The Court concludes that there is some evidence to support the plaintiffs’ contention “that Torrington assumed a broader undertaking to investigate and identify all potentially defective bearings”.13 The Court states that this contention is “supported to some extent by the fact that Torrington ultimately gave Textron a list of serial numbers for both—03 and—05 bearings, some of which were manufactured at the New Britain plant.”14 The Court cites no other evidence that could possibly support the plaintiffs’ contention, and that is because none exists. Torrington supplied the list of serial numbers to Bell in response to Bell’s request after an investigation into the Rood crash involving a helicopter with a—03 bearing. Torrington argues that any duty it undertook to identify faulty bearings was limited to the—03 bearing. Inferring from Torrington’s response to an inquiry from Bell that Torrington had voluntarily undertaken to identify all its defective bearings is a stretch. But while the response listed—03 and—05 bearings, it listed no bearings manufactured by Torrington’s predecessor, and Bell’s parent, Textron. Nothing about the list of serial numbers Torrington gave Bell remotely suggests that Torrington undertook to identify defective bearings that it did not manufacture. All of the evidence shows that Torrington had no reason to undertake an investigation of Textron bearings. Torrington did not own the plant when those bearings were manufactured. The investigation had not indicated that such bearings were defective or contaminated. The shelf life of the bearings was three to five years, and Textron had ceased manufacturing bearings six years before the investigation, so there was no reason to suppose that Textron bearings were still in use. Moreover, the evidence suggests no reason why Torrington would voluntarily undertake to determine for Bell whether Bell’s parent had manufactured defective bearings. If Bell had wanted that information—and there was no reason why it should, given the shelf life of the bearings—it would have asked its parent, Textron, who manufactured the bearings. Not only is there no evidence that Torrington ever undertook to investigate Textron’s bearings, all of the evidence indicates that it would never have done so.
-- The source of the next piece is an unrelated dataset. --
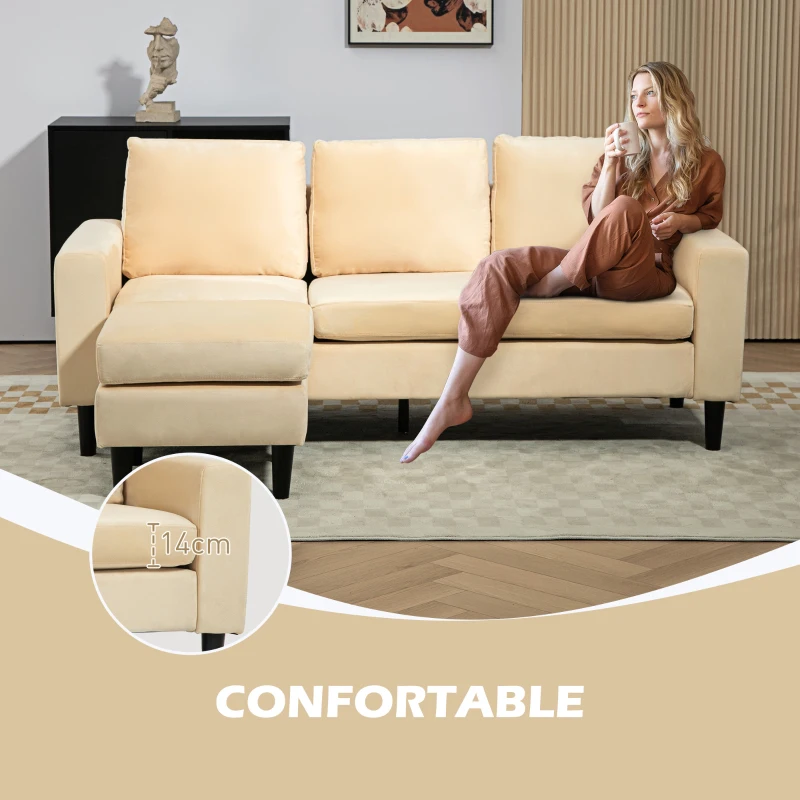 HOMCOM Canapé d'angle modulable avec pouf et 3 coussins, pieds en bois, tissu effet velours beige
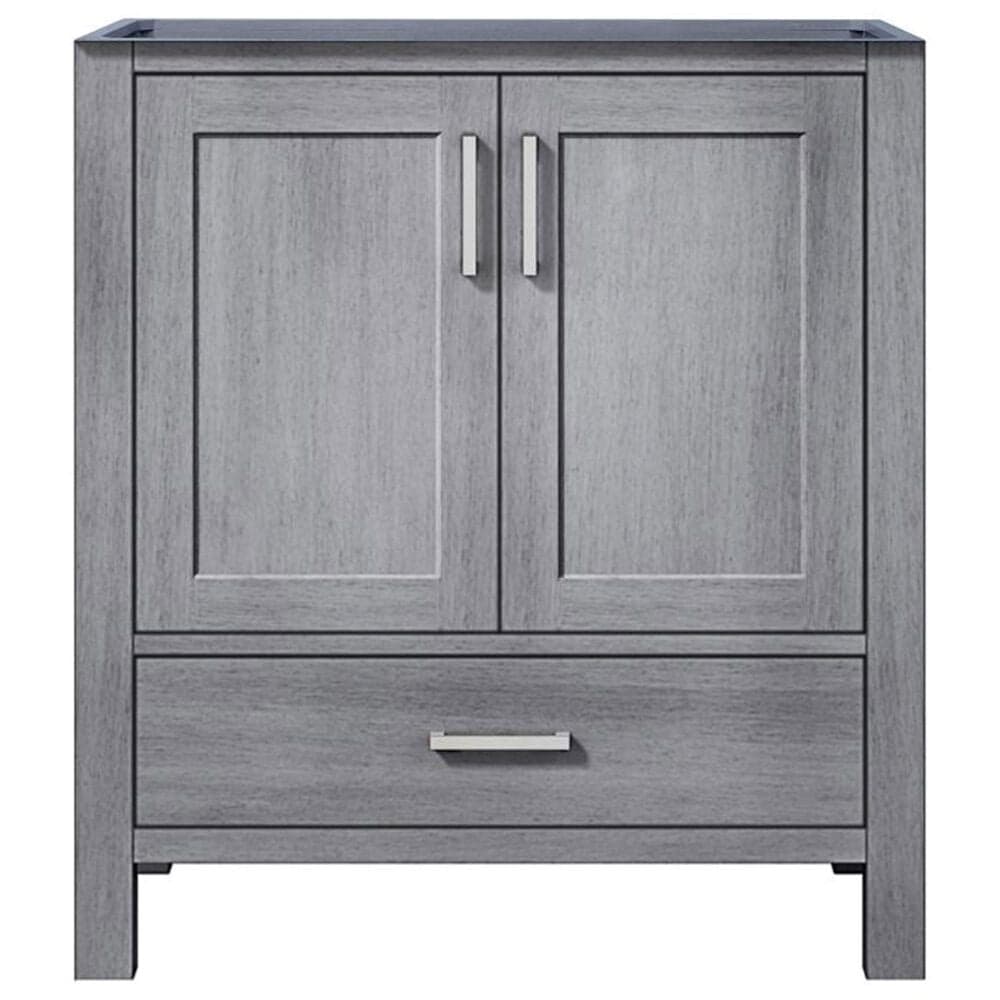 Lexora Home Jacques 30" Single Bathroom Vanity in Distressed Grey with 2 cm White Carrara Marble Top and Rectangular Sink, , large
To submit a voluntary-undertaking theory to the jury, there must also have been evidence either that Torrington’s negligent performance of its undertaking increased the risk of harm, or that the Navy relied on Torrington’s undertaking. The Court does not even discuss this element of the theory. Assuming that Torrington undertook to inform the Navy whether Textron’s bearings were defective—even though as I have said, there is absolutely no evidence of such an undertaking—the issue becomes whether Torrington’s undertaking made *856 the Navy worse off than if Torrington had done nothing. In other words, if Torrington had refused to cooperate with the investigation, would the Navy have taken other action that would have reduced the risk of harm from any defective bearings? The plaintiffs have cited no such evidence. When asked at oral argument whether any such evidence existed, counsel answered that it was simply “common sense” that the Navy would have done more. When the Navy did not follow its own safety procedures to reduce the risk of harm from bearings that were identified as possibly defective, and did not follow its shelf life policy to ensure that bearings were not employed after they were no longer dependable, there is no reason to think that it would have undertaken its own investigation to try to determine whether bearings manufactured six years earlier were defective.
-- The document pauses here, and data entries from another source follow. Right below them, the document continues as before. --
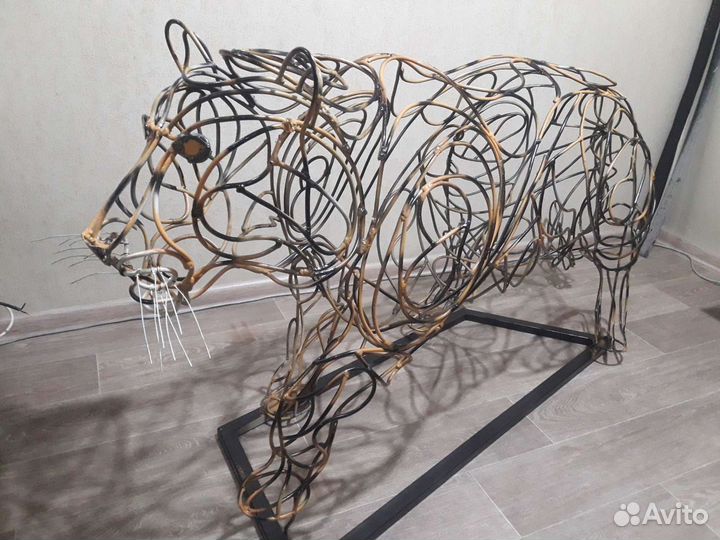 Садовые световые каркасные фигуры Тигр Бык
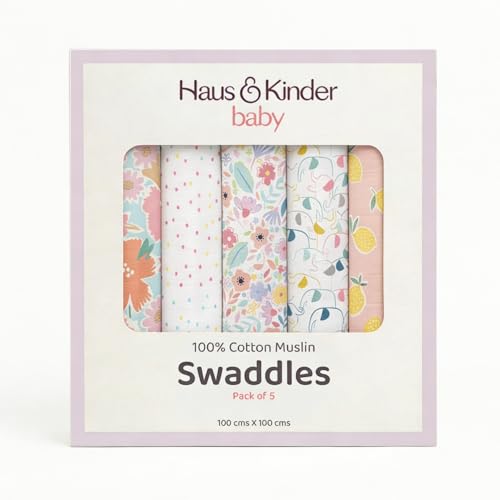 haus & kinder 100% Cotton Muslin Swaddle Wrap for New Born Baby | Pack of 5 (100×100 cm) | Baby Blanket & Swaddles for Newborn | Eleflora Collection - Image 2
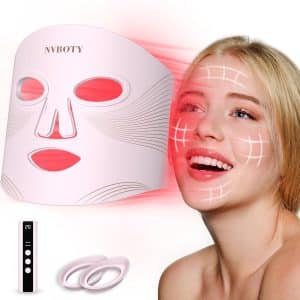 LED Face Mask Light Therapy 4 Modes Portable Red Light Therapy for Face with 2000mAh Rechargeable Remote Blue Orange 850NM Infrared Red Light Mask 400 LEDs for Anti Aging at Home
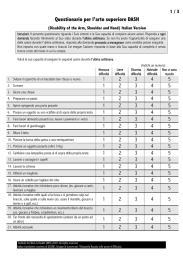 Questionario per l`arto superiore DASH 1 2 3 4 5 1 2 3 4 5 1 2 3 4 5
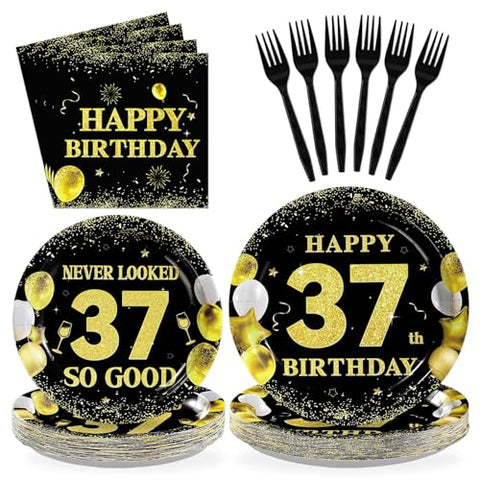 96 Pcs Black Gold 37th Birthday Party Plates and Napkins - Grencian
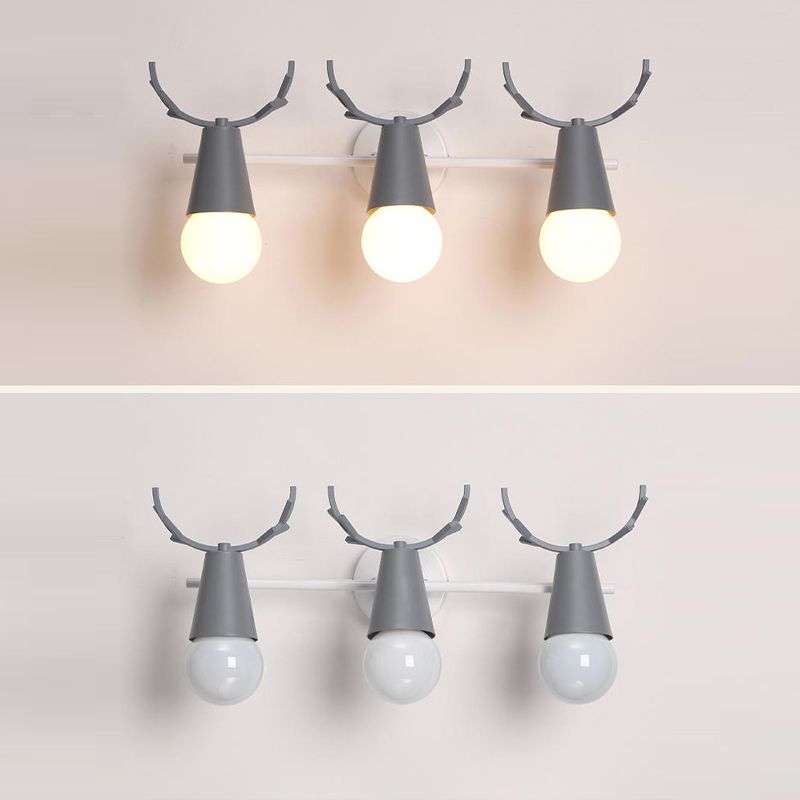 Nordic Style Iron Wall Light Colorful Antler Shape Wall Lamp for Bedroom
Finally, there must have been evidence that Torrington’s failure to use reasonable care in undertaking to determine whether six-year-old Textron bearings were defective caused the helicopter crash, and there was none. The Navy assigned the bearings a three-year shelf life and required that they be removed at the end of that time, as the plaintiffs’ witnesses uniformly conceded at trial. Had the Navy followed its own shelf life policy, the bearing would never have been installed in the helicopter.
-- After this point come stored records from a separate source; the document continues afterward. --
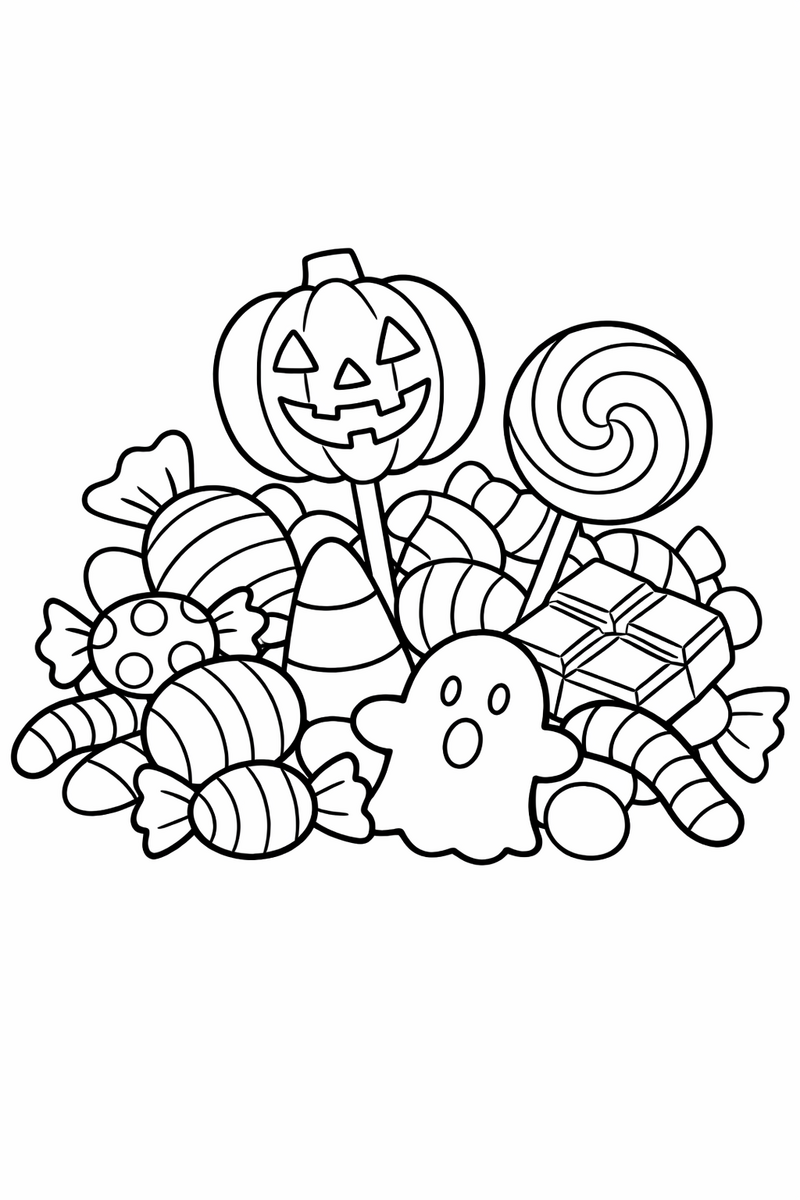 Pile of Halloween Candy coloring page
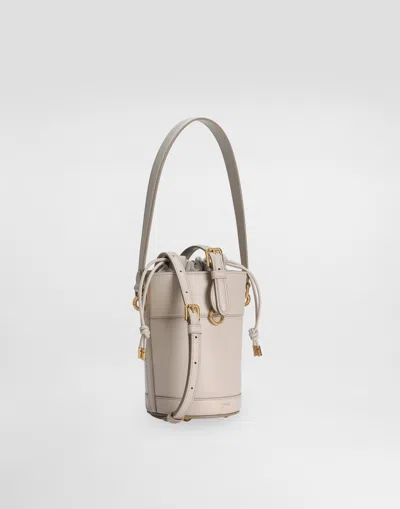 Dolce & Gabbana Capri Bucket Bag In Calfskin And Canvas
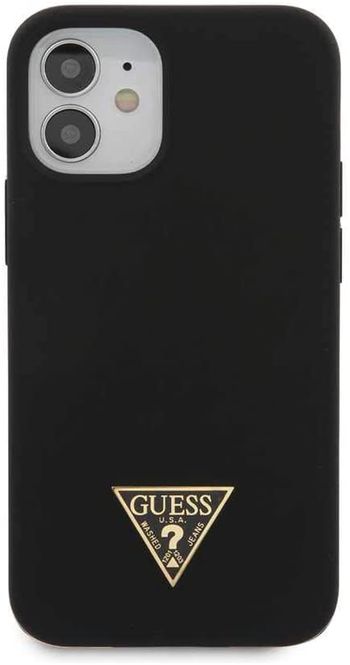 Guess Liquid Silicone Case w/Metal Logo for iPhone 12 Mini 5.4 inch  Black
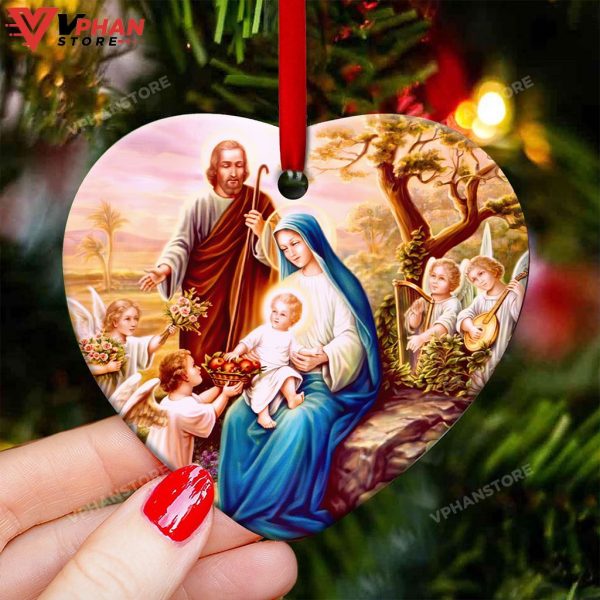 Jesus Nativity Heart Ceramic Xmas Ornament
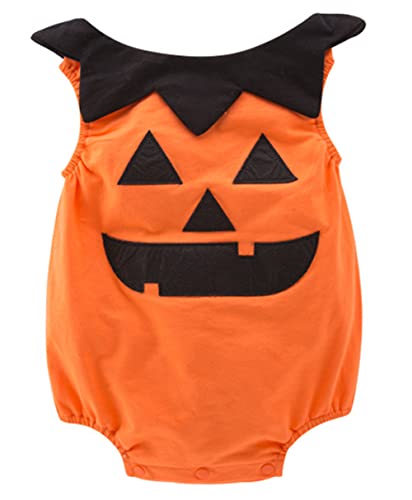Styles I Love Infant Unisex Baby Boys Girls Fun Pumpkin Face Sleeveless Orange Cotton Romper Halloween Outfit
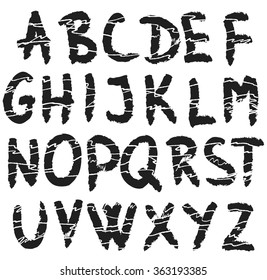  scratched alphabet letters, abc letters vector illustration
The Court’s assertion that evidence on the shelf life of the bearings was conflicting is simply wrong. The Court reads the Navy bearing manual to “suggest[ ] that the nondeteriorative rating of the hangar assembly could be applied to a bearing installed in the assembly.”15 This is not a reasonable reading of the manual. It makes no sense to say that a bearing should not be in service more than three years after it was manufactured, but if it is installed in an assembly it will last forever. Service deteriorates a bearing. Service certainly does not make a bearing nondeteriorative, and not surprisingly, the Navy manual does not suggest otherwise. All the manual says is that if a bearing is properly installed and maintained, it—“the item”—should last for as long as its shelf life—here, three years. The Court also states that one department of the Navy assigned the—05 bearing a “0” shelf life, indicating that the bearing was “nondeteriorative”.16 This conclusion was refuted at trial by plaintiffs themselves. Regarding the Navy materials to which the Court refers, plaintiffs offered the following testimony at trial:

Q What does this say right here, beginning of paragraph 100?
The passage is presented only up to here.